> [ACTIVITY] Write out exactly the lines running from the one with "Herno Long Belted Trench Coat" to the end of the data, including both of those lines and excluding pictures.

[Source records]
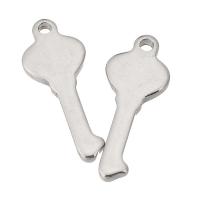 Stainless Steel Pendants 201 Stainless Steel Key fashion jewelry & Unisex original color Approx 1.5mm Sold By PC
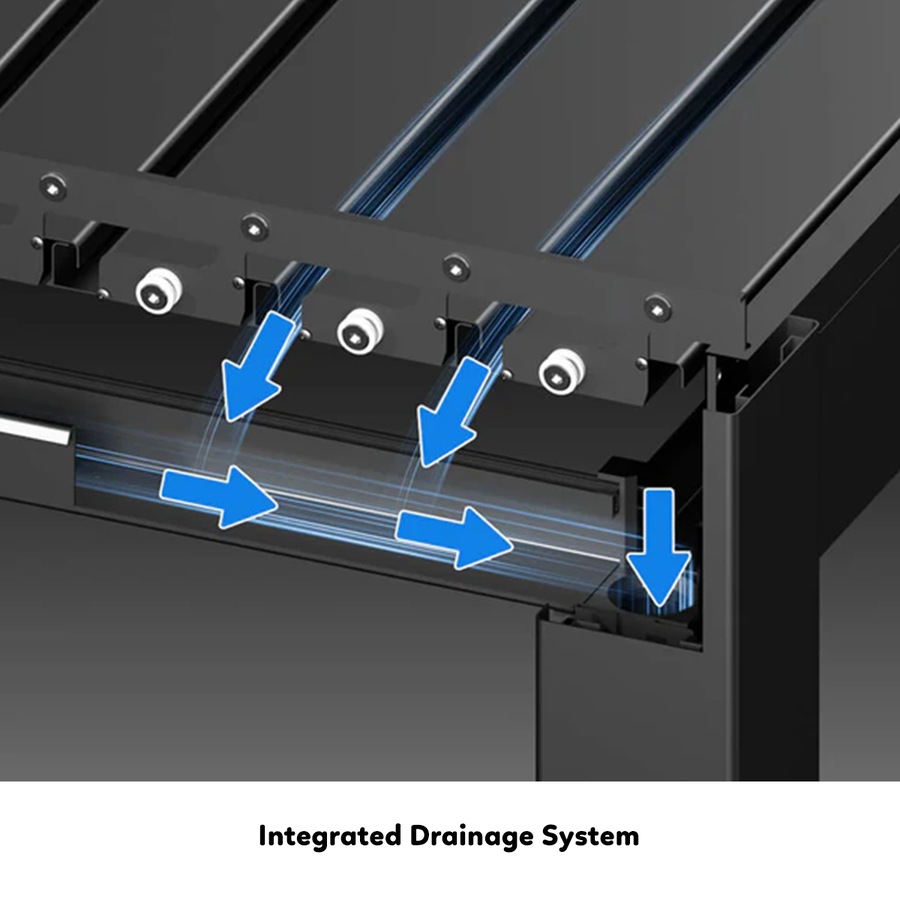 Yardtopia Elmont 3m x 3m Aluminium Adjustable Louvre Pergola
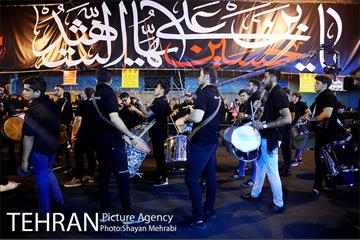 شور حسینی در خیابان گرگان 40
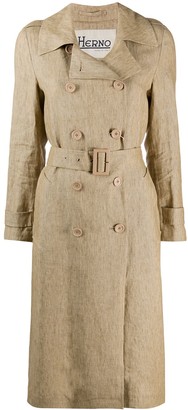 Herno Long Belted Trench Coat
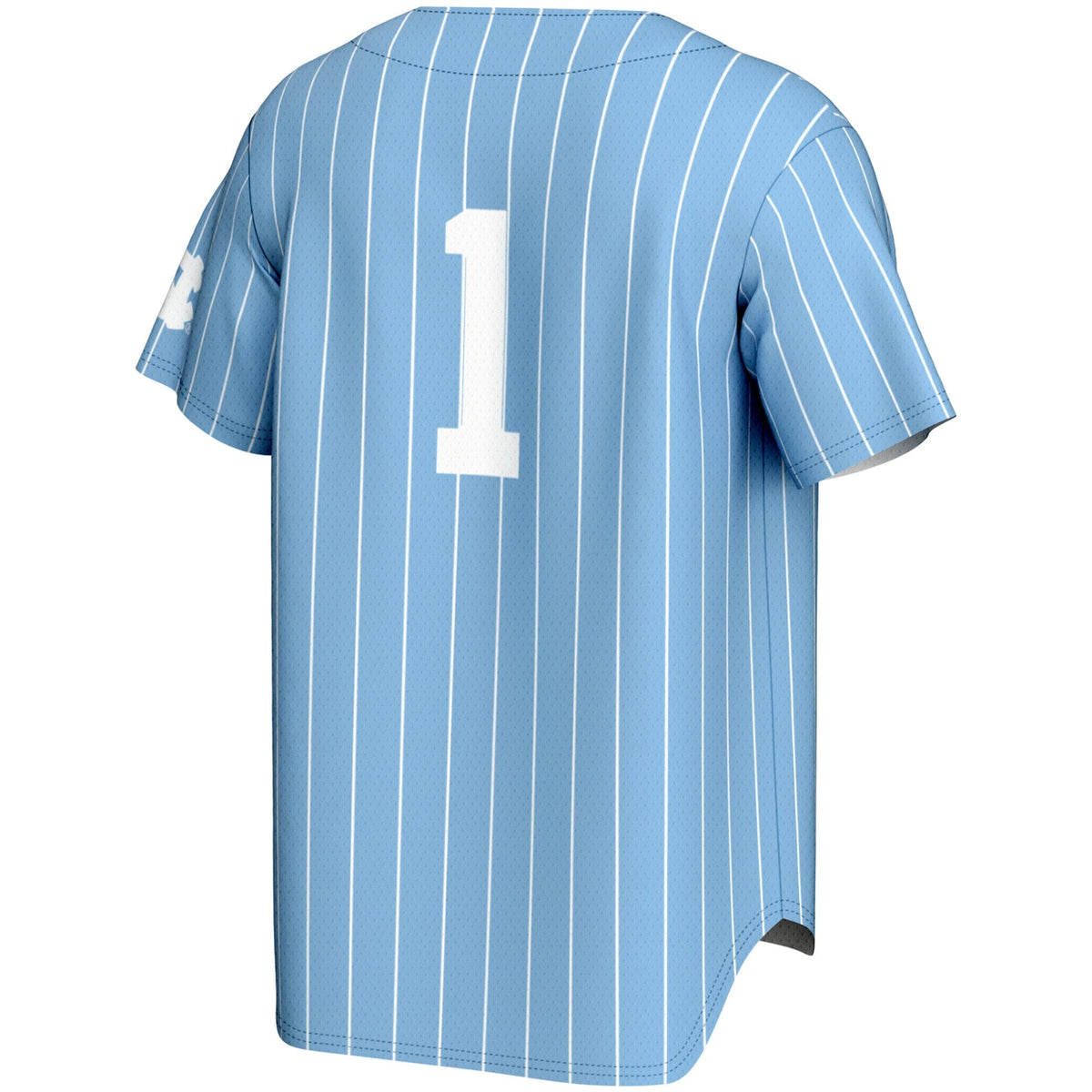 #1 Carolina Blue North Carolina Tar Heels Lightweight Baseball Jersey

> [RESPONSE FOR THIS EXERCISE]
 Herno Long Belted Trench Coat
 #1 Carolina Blue North Carolina Tar Heels Lightweight Baseball Jersey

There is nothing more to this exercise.